Significant predictors of early initiation of ANC4+ attendance, determined through our analysis and discussed below, included maternal factors (number of children ever born, age, marital status) and socio-economic factors (wealth quintile and education status). The positive relationship between higher wealth and education status and increased likelihood of early initiation of ANC4+ highlight considerable inequalities present in ANC attendance in the population. Our results demonstrate that women are significantly more likely to have initiated ANC4+ early in 2015 than in 2004 (21% of women in 2004 vs 37% of women in 2015). Similarly, women who received care were more likely to receive key interventions during their ANC as we found substantial increases in the coverage of essential interventions between 2004 and 2016 including undertaking full blood counts, performing urine dipsticks to detect bacteremia and/or pre-eclampsia, malaria prophylaxis and HIV testing suggesting an overall improvement in quality of ANC services. Whilst this is promising, only 37% of women surveyed in 2015 had initiated ANC4+ early. With the sub-optimal number of women attending the ANC4+, the implementation of the at least eight ANC visits in settings like Malawi may not be feasible as echoed by authors of studies analyzing coverage of ANC in other LIC settings [8].

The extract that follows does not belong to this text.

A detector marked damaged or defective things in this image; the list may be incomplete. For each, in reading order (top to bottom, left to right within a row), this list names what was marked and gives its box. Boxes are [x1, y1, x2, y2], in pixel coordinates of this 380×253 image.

We have reported a number of key determinants of early initiation of ANC4+ in this study. Increasing number of children ever born was associated with a reduced likelihood of ANC4+, with those women who have delivered more than 5 children being the least likely to undergo early initiation of ANC4+ visits. These findings are largely consistent with literature both in Malawi [13] and across SSA [27] and other LIC with high MMR [13]. It is plausible that women who have given birth and accessed these services before, possibly multiple times, are less likely to seek care as they feel that they are equipped with sufficient knowledge to proceed without formal maternity care. Additionally, the quality of maternity care women receive in Malawi remains variable, with some women reporting extensive stock outs and reception of treatment that lacked dignity or respect [28]. Although we infer quality of ANC service, we did not have data on quality of ANC services as such data were not collected by the MDHS. Women who have experienced poor quality may be less likely to seek care again, something that may happen with increasing frequency as number of children ever born increases. The relationship between increasing number of children ever born and reduced access to services is not unique to ANC but is present across other essential maternal and child health services both in Malawi and a number of countries with higher fertility rates [28]. The link between higher order births and increased risk of maternal and perinatal mortality is well described in the literature and it is possible that the inverse relationship between number of children ever born and service-use may be a contributing factor in this phenomenon [29].
Interestingly, whilst increasing number of children ever born was found to be associated with a reduced likelihood of early initiation of ANC4+, the opposite appears true regarding age, as women aged between 45 and 49 in our study population were nearly twice as likely to attend ANC4+ earlier than the youngest mothers after adjusting for number of children ever born and other factors. Whilst this association has been supported by findings from a number of studies exploring coverage of ANC, it has not been universally reported in the literature [27]. Older age does seem to affect care-seeking for other maternity services with older nulliparous women more likely to access facility delivery than their younger counterparts in a number of SSA regions [30].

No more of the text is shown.